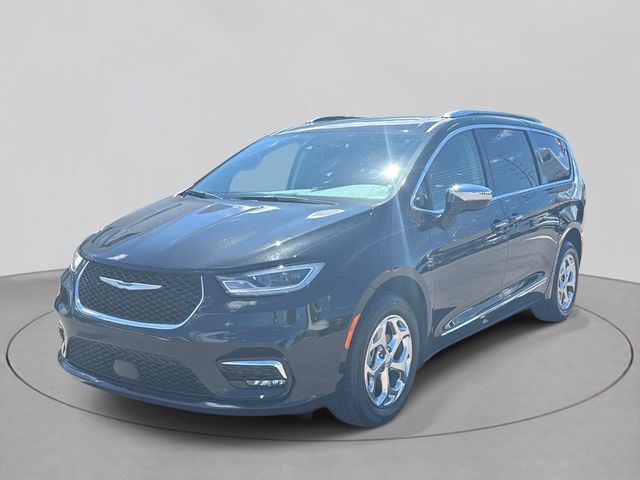 Brilliant Black Crystal Pearlcoat 2021 Chrysler Pacifica Limited AWD Minivan All-Wheel Drive 9-Speed Automatic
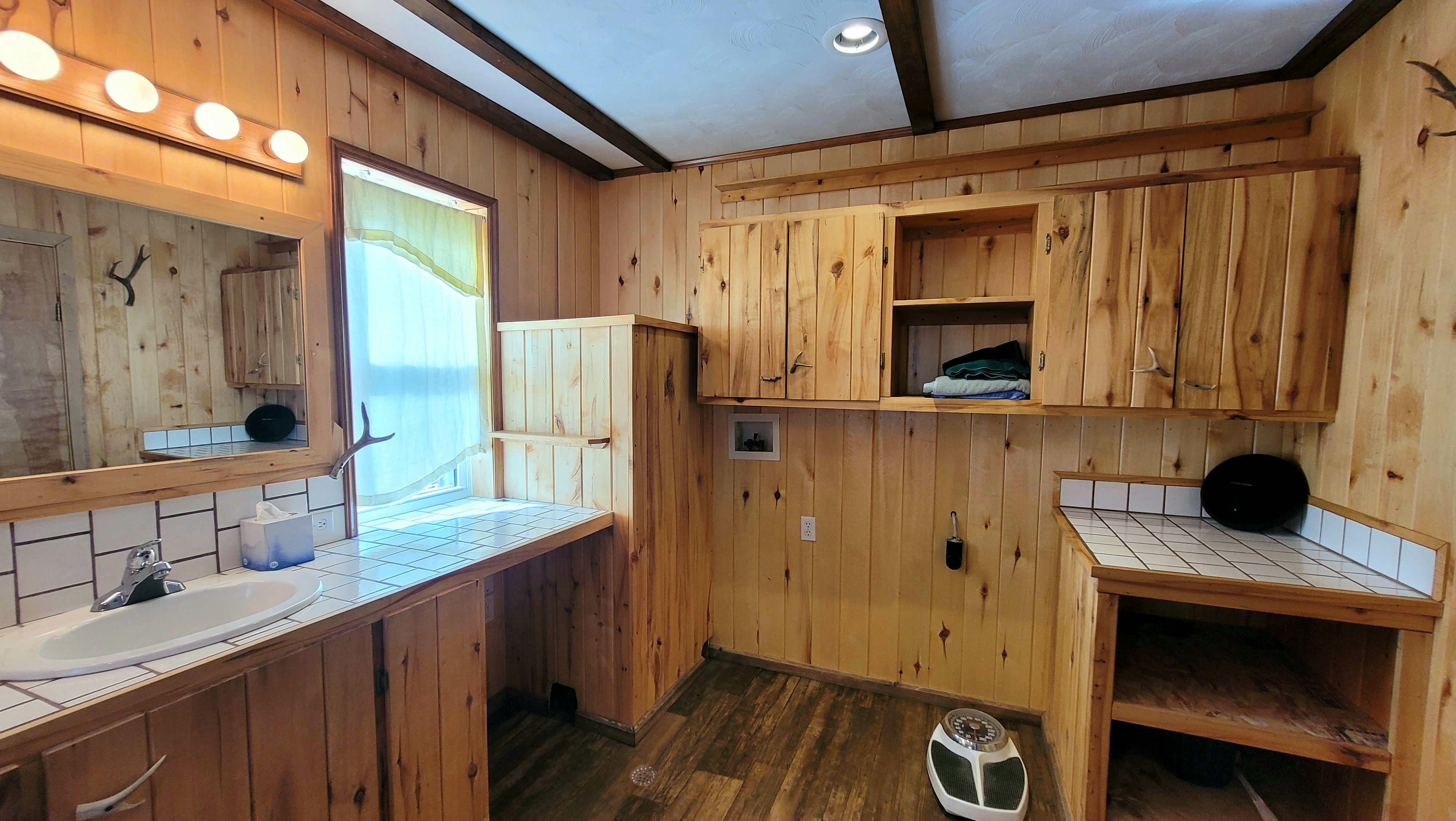 Dillon, Montana, 59725, United States, 3 Bedrooms Bedrooms, ,2 BathroomsBathrooms,Residential,For Sale,1944810
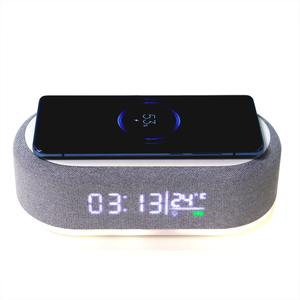 Produits les plus vendus Chargeur multifonction 4 en 1 Lampe LED 15W Chargeur portable rapide sans fil pour <span class=keywords><strong>iPhone</strong></span> - Product Image 6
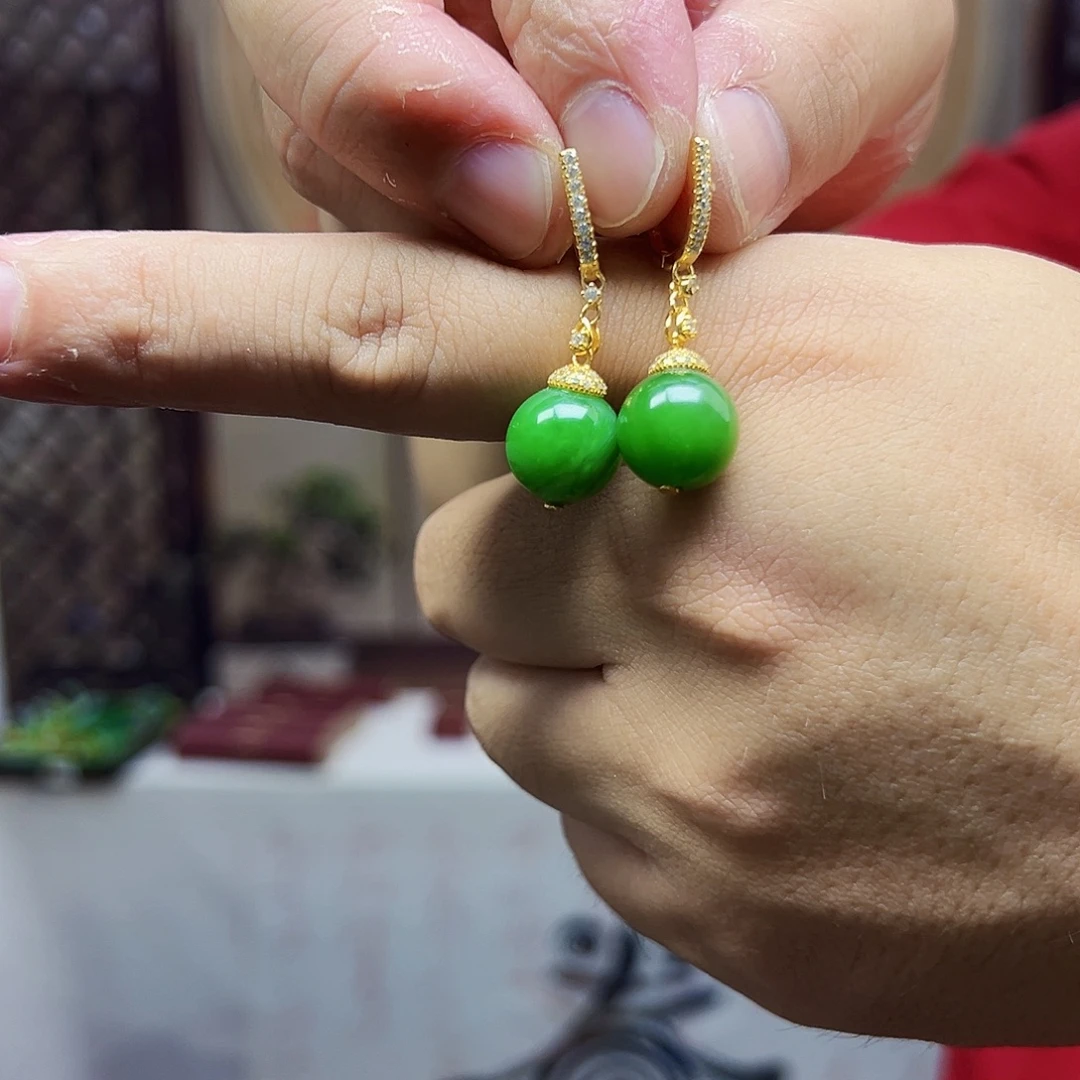 未镶嵌和田玉耳饰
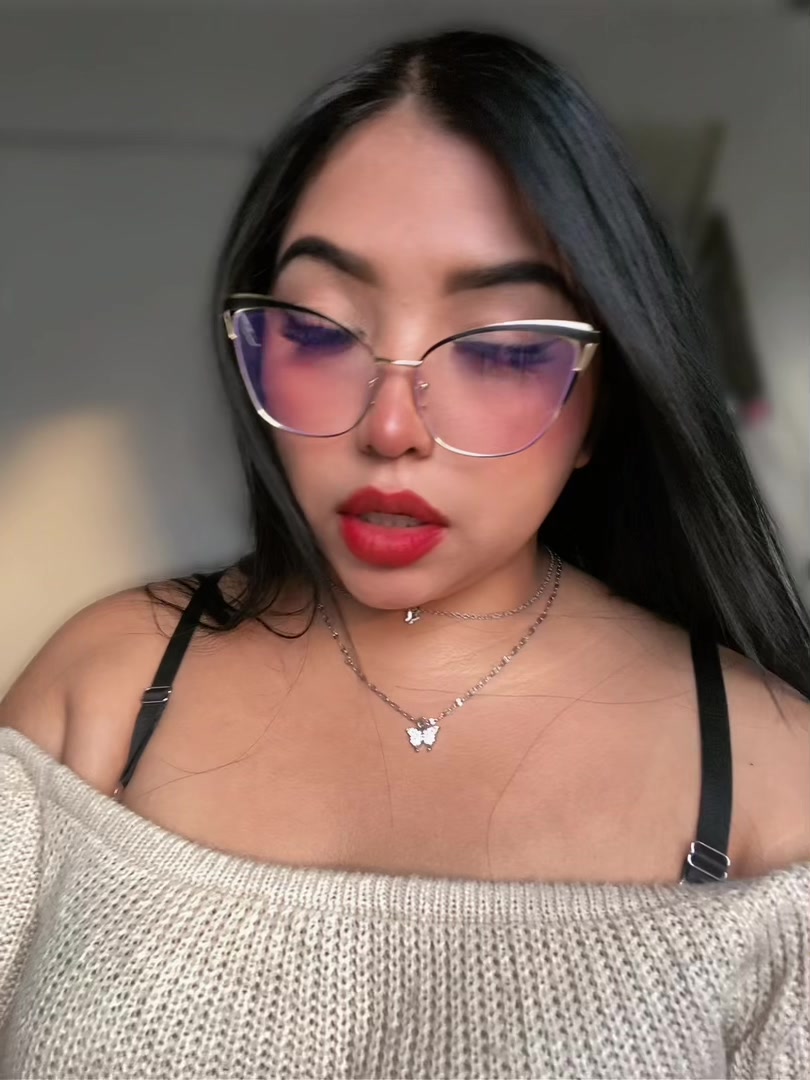 @♡🦋Evelyn🦋♡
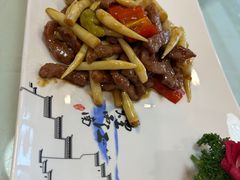 藕尖炒牛柳丝-宜宾海鲜酒家·三十年老字号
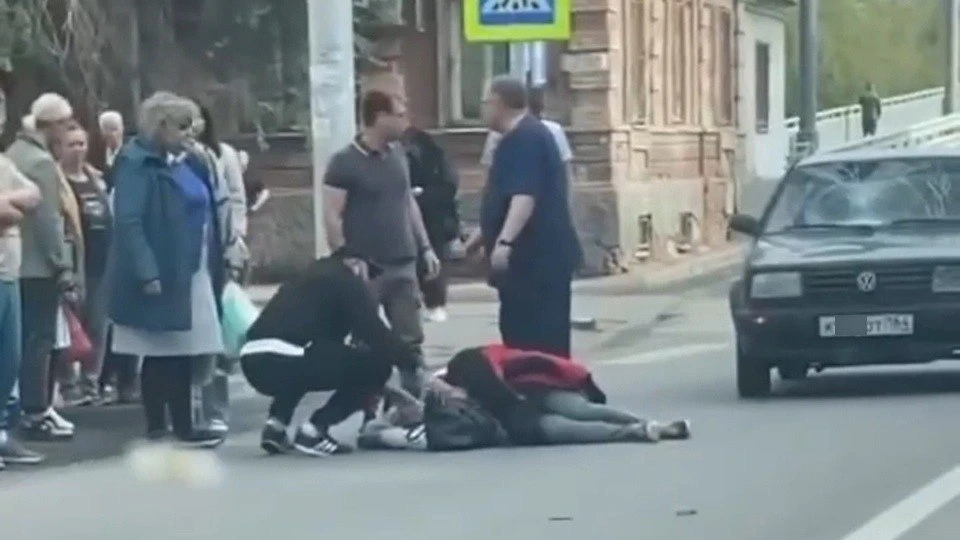 Фото: В Саратове на Чернышевского на пешеходном переходе сбили женщину (т.г "Жесть Саратов")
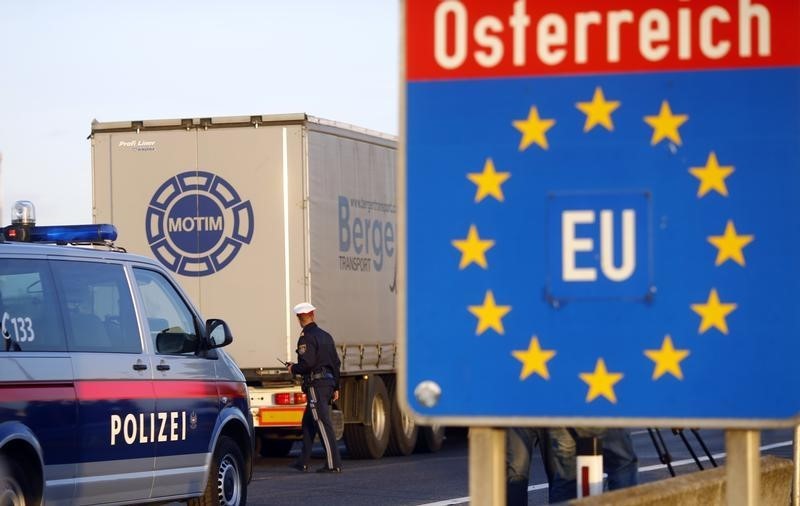 © Reuters. Austria introduce control fronterizo mientras gestiona la acumulación de inmigrantes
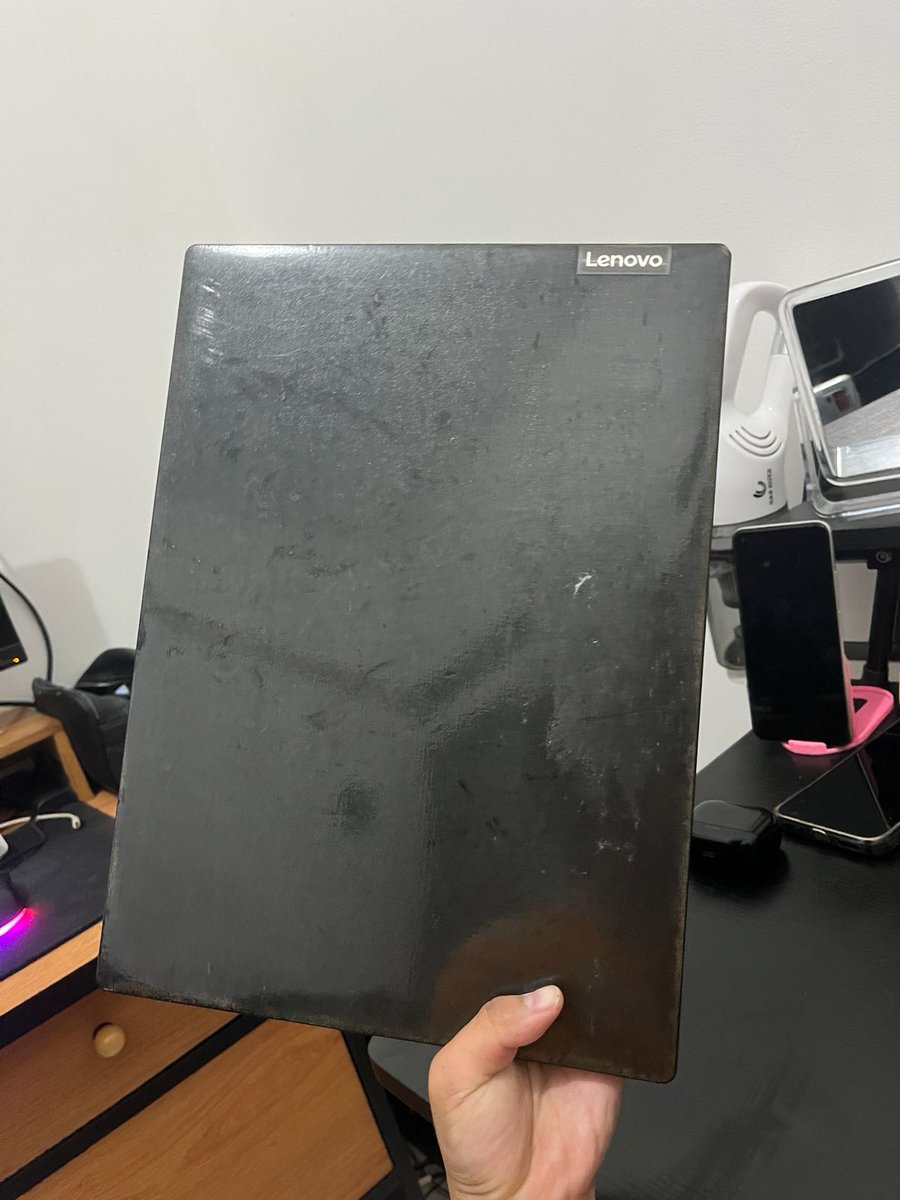 RUHepiNow's tweet photo. @ezash Jual Laptop Lenovo V145-14AST Ready COD Otista Jaktim/Tebet. Pemakaian pribadi, info detail laptopnya bisa dm aja, di jual 1,5jt nego tipiss

thank you bang, semoga ada yang ngangkutt #KhilafClubSE #WTS https://t.co/bxQj67wrEG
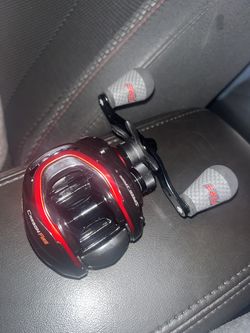 Lews baitcaster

** Exercise details **
Omitting all pictures, reproduce the records above in their entirety.

** Response to the exercise **
 Brilliant Black Crystal Pearlcoat 2021 Chrysler Pacifica Limited AWD Minivan All-Wheel Drive 9-Speed Automatic
 Dillon, Montana, 59725, United States, 3 Bedrooms Bedrooms, ,2 BathroomsBathrooms,Residential,For Sale,1944810
 Produits les plus vendus Chargeur multifonction 4 en 1 Lampe LED 15W Chargeur portable rapide sans fil pour <span class=keywords><strong>iPhone</strong></span> - Product Image 6
 未镶嵌和田玉耳饰
 @♡🦋Evelyn🦋♡
 藕尖炒牛柳丝-宜宾海鲜酒家·三十年老字号
 Фото: В Саратове на Чернышевского на пешеходном переходе сбили женщину (т.г "Жесть Саратов")
 © Reuters. Austria introduce control fronterizo mientras gestiona la acumulación de inmigrantes
 RUHepiNow's tweet photo. @ezash Jual Laptop Lenovo V145-14AST Ready COD Otista Jaktim/Tebet. Pemakaian pribadi, info detail laptopnya bisa dm aja, di jual 1,5jt nego tipiss

thank you bang, semoga ada yang ngangkutt #KhilafClubSE #WTS https://t.co/bxQj67wrEG
 Lews baitcaster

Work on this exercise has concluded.